Safeguard? What a joke!
Listen to the lament of just one weekly newspaper editor friend who must deal with the Postal Service. In an "open letter" to his congressman, Blackshear, Ga., Times editor Robert Williams writes that getting delivery to former residents who have moved away to other parts of the U.S. "is becoming darn near impossible." Williams continues:
"With the most `recent improvements,' the Postal Service initiated, out-of-town delivery has gone from an acceptable three to four days in many instances to a totally unacceptable three to four weeks -- if at all.
"One mid-level manager said he started to alert a regional manager in Memphis, Tennessee, of serious problems in the Jacksonville, Florida, postal center (aka, The Great Black Hole). The Memphis manager placed one phone call to someone in Jacksonville, was soothingly assured there were `no problems in Jacksonville' at all, and quickly called back to tell the first guy he must be mistaken. End of effort to solve problems."
So excuse us for saying that all the rate increases in recent years haven't seemed to make service more efficient.
As for Runyon, if he thinks more money will solve postal problems, he can donate some of his slick stock earnings back to the Postal Service.
Did you know that he recently decided to put soft drink machines in 40,000 post offices?
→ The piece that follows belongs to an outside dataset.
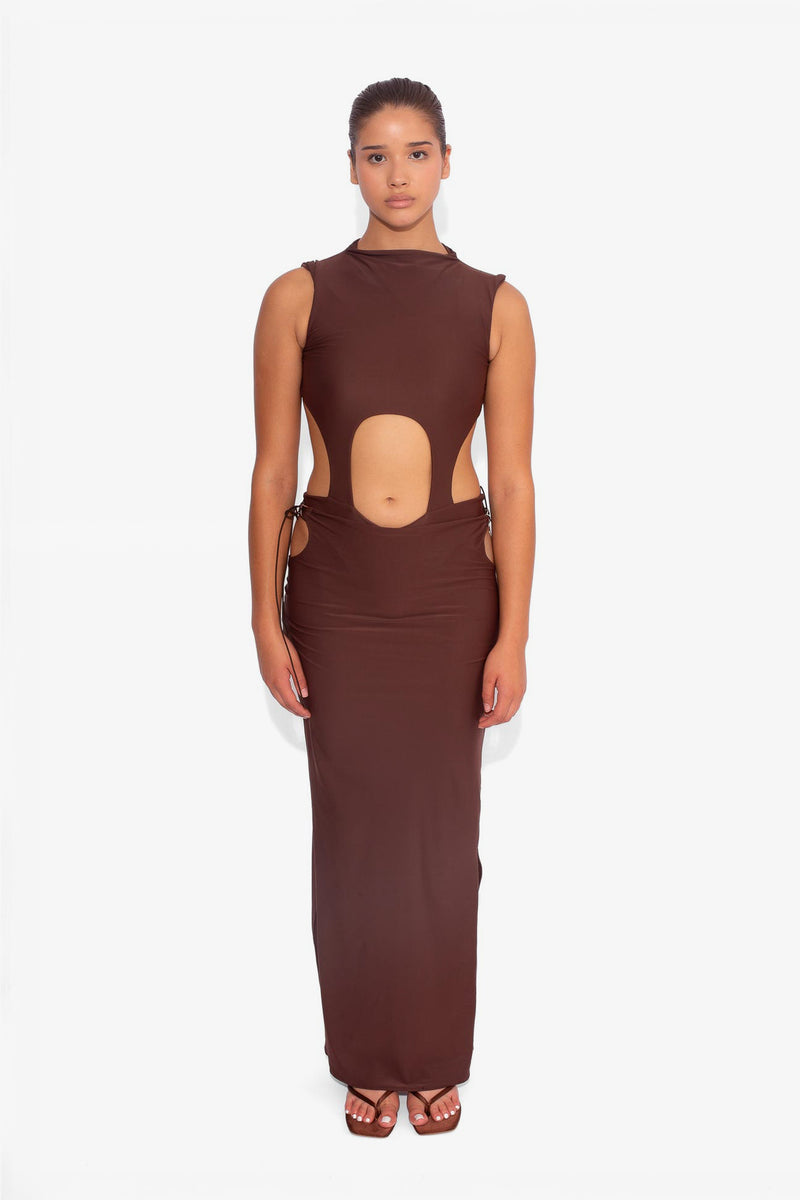 Stretch Side Cut Out Skirt in Cocoa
However, he didn't bother taking bids from competing drink companies for the huge contract. He simply handed Coca-Cola the deal.
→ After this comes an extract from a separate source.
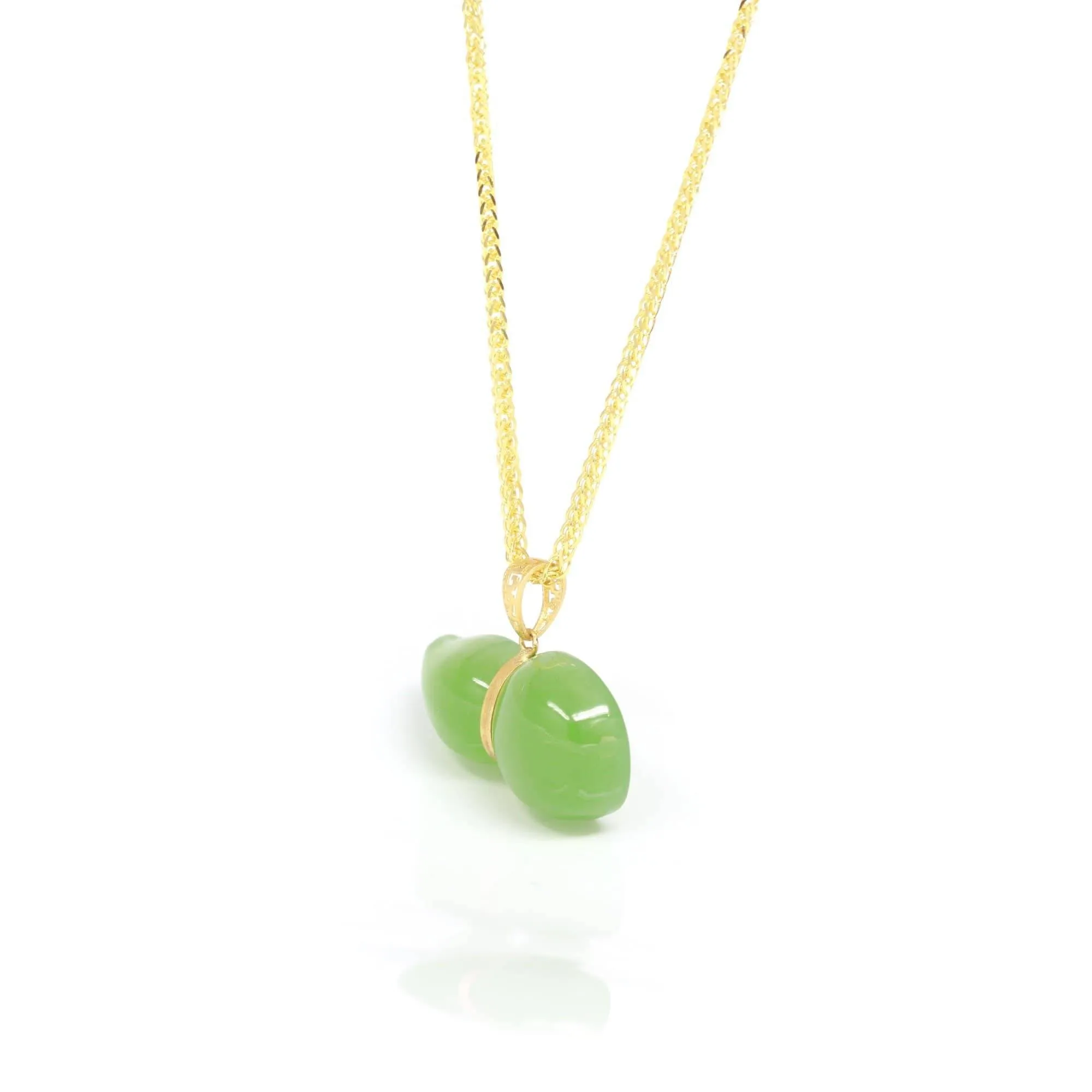 Baikalla™ "Lucky Gourd" HuLu18k Yellow Gold Green Nephrite Jade Pendant Necklace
At the same time, it's reported that Runyon owns $350,000 worth of Coke stock. Does he have anything to gain from such a sweetheart deal? The Washington-based Citizens Against Government Waste notes, "For every dollar the stock goes up, that's $350,000 for him."
That's not bad.
As we say, the least Runyon could do would be to give back a sliver of his stock gains to cover this penny price hike that's supposedly so badly needed to "safeguard" service by all those Coke-guzzling employees.